Work to complete: All pictures are to be skipped; retype only the lines from the top of the entries through the line with "athletic-stallion-andalusian-horse", both included.
Top of Given data
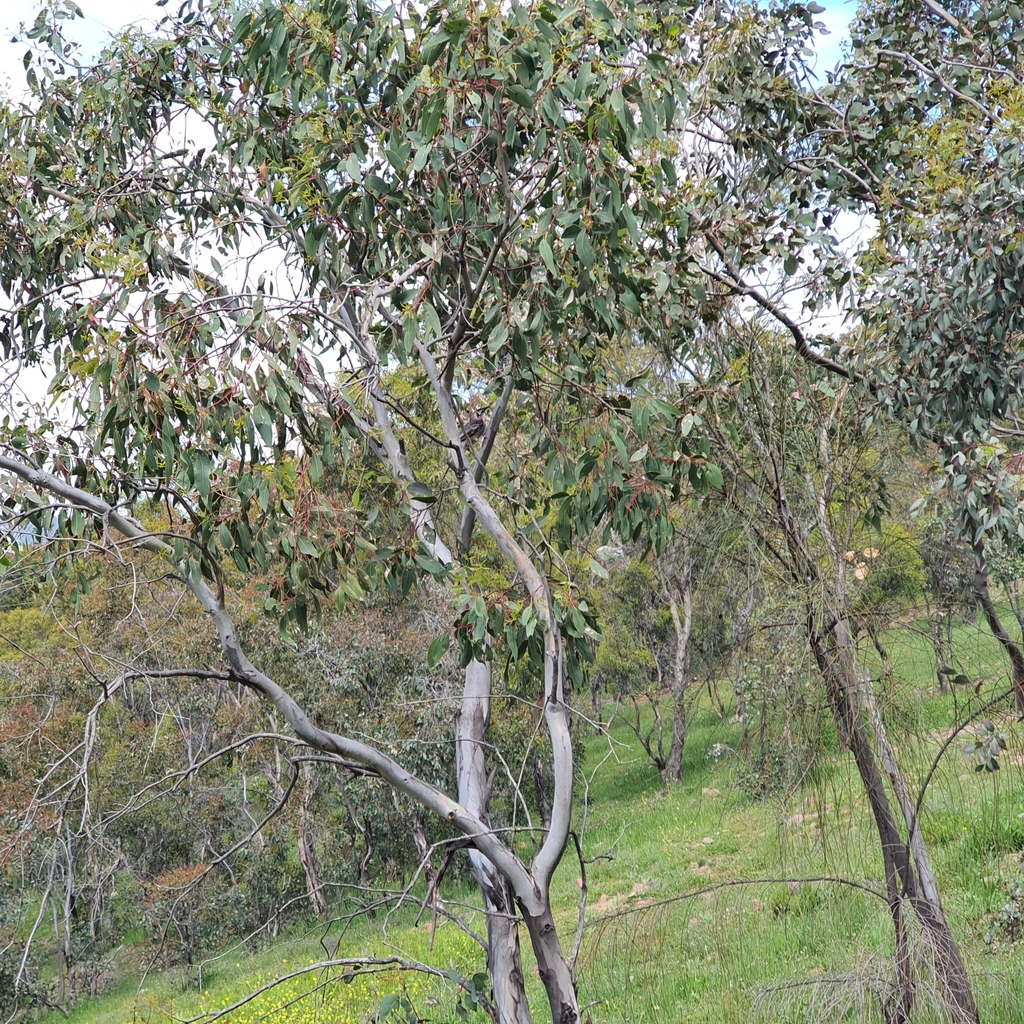 Red Wattlebird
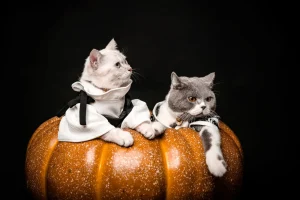cat wearing costume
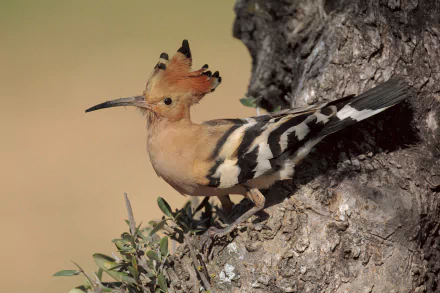 HD PC desktop wallpaper featuring a colorful hoopoe bird perched on a tree trunk, showcasing its distinct crest and patterned feathers in natural light.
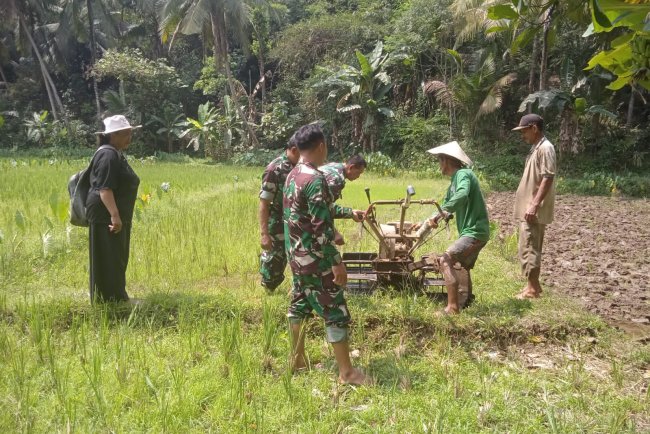 Tingkatkan Ketahanan Pangan Babinsa Terjun Ke Sawah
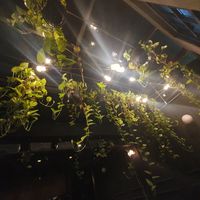  at The Black Box Provisions & Restaurant Naga in Kuta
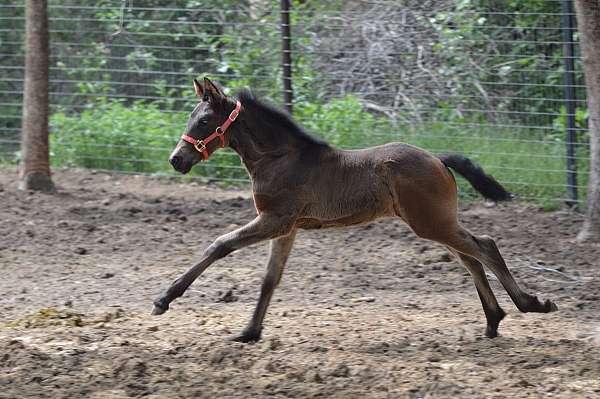 athletic-stallion-andalusian-horse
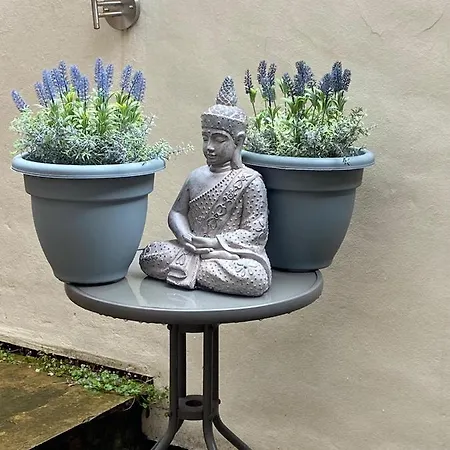 Apartment Wonderful Pet Friendly One Bed In Great For Couples Or Friends With A Pull Out Comfortable Sofa Bed Right On The River Ouze With A Private Courtyard *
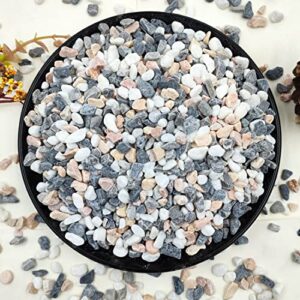 YISZM 2LB Succulent and Cactus B0BFW114MY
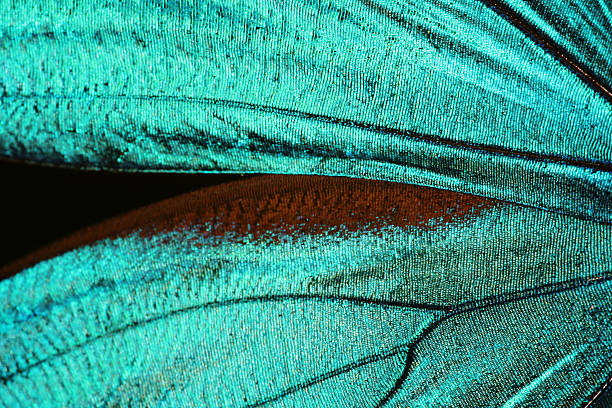 istock Abstract turquoise texture of shiny butterfly wings 144962085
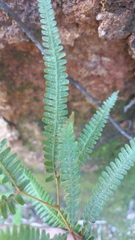 Gleichenella pectinata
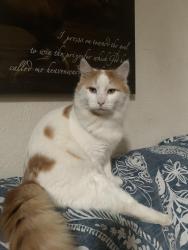 Lost Male Cat last seen Lazy Diamond and Vesper, Canyon Lake, TX 78133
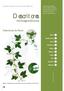 Descritores. morfoagronômicos. Descritores da Planta. Sinus. Botão floral. Fruto. Nectários. Ramo. Pecíolo. 6 2 Folha. Flor. Gavinha.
Bottom of Given data
Solution:
 Red Wattlebird
cat wearing costume
 HD PC desktop wallpaper featuring a colorful hoopoe bird perched on a tree trunk, showcasing its distinct crest and patterned feathers in natural light.
 Tingkatkan Ketahanan Pangan Babinsa Terjun Ke Sawah
  at The Black Box Provisions & Restaurant Naga in Kuta
 athletic-stallion-andalusian-horse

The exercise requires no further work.